Labour on course to win next election ‘with comfortable majority’, David Lammy says

Shadow foreign secretary dismisses idea of electoral pacts and says Labour will win outright

Wakefield result suggests Labour would win next election 'comfortably', David Lammy says

Labour is on course to win the next general election “with a comfortable majority” after Boris Johnson’s byelection thumpings, David Lammy says.

The shadow foreign secretary argued the results in Wakefield and in Tiverton and Honiton showed there was no need for an electoral pact with the Liberal Democrats – because Labour will win outright.

The Conservatives are seeking to provoke a public backlash against an informal agreement between the parties which sees each focus on seats where they are stronger, describing it is a backstairs pact.

But Mr Lammy denied it and said of Labour’s win in Wakefield: “If that result was replicated across the country, I would be foreign secretary and Labour would, in fact, be forming the government.”

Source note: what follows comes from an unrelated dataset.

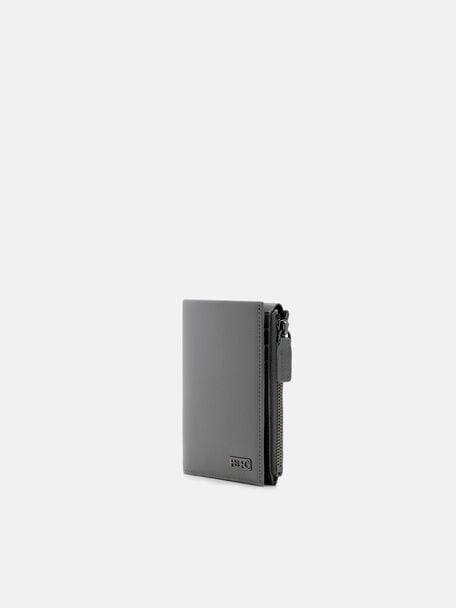 V&iacute; đựng thẻ gập đ&ocirc;i Leather, X&aacute;m v&acirc;n sần, hi-res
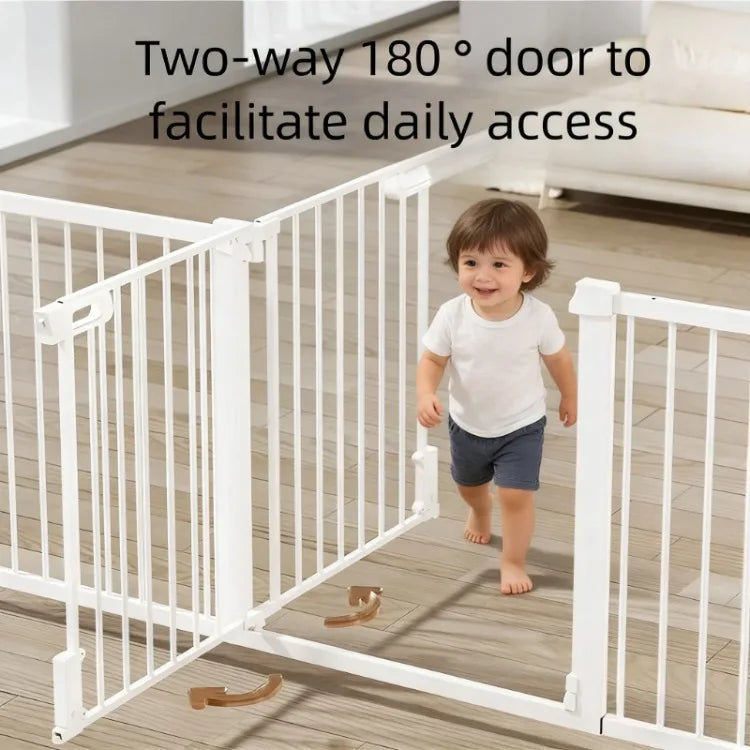 No-Drill Pressure-Mounted Baby & Pet Safety Gate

He added: “On that result in Wakefield, and indeed Tiverton, we would be forming the next government with a comfortable majority – that’s what that result tells us.”

Speaking on the BBC, he added: “There will be no pact with the SNP, there will be no pact with the Liberal Democrats, there will be no pact with the Greens.”

The shadow foreign secretary declined to say what punishment will be imposed on Labour frontbenchers who defied Keir Starmer by joining RMT picket lines – and hinted the order will be repeated for future strikes.

Mr Lammy said the party’s chief whip would speak to the rebels in the coming days and be “making it very clear that a serious party of government does not join picket lines”.

He acknowledged “further disputes” are likely – with teachers, NHS staff and legal aid solicitors all contemplating strike action – and warned the rebels: “I don’t think it’s helpful to stand on picket lines.”

But Mr Lammy denied Sir Keir had “lost control of his own MPs”, adding: “The Labour party is not divided.”

He declined to say whether Labour supports the striking rail workers demand for a seven per cent pay rise – arguing it is not the opposition’s job to “pretend we can negotiate”.

And he urged Labour supporters to drop their hopes of rejoining the EU, pointing to the referendum result and saying: “The definition of madness is doing the same thing over and over again.”

Later, Mr Lammy said he “categorically” does not support GMB and Unite staging a strike of BA check-in staff.

“All of us are feeling the pinch with inflation. Many of us might want a [pay] rise of 10 per cent in truth, most people understand it’s unlikely that you’re going to get that,” he said.

“It absolutely would not be right, it would not be responsible opposition, if I suggested yes to every strike.”

Asked if he supports the proposed strike by check-in staff, he said: “No, I don’t. No I don’t – it is a no, it’s a categorical no.”

Asked why, he said: “Because I’m serious about the business of being in government and the business of being in government is that you support negotiation.”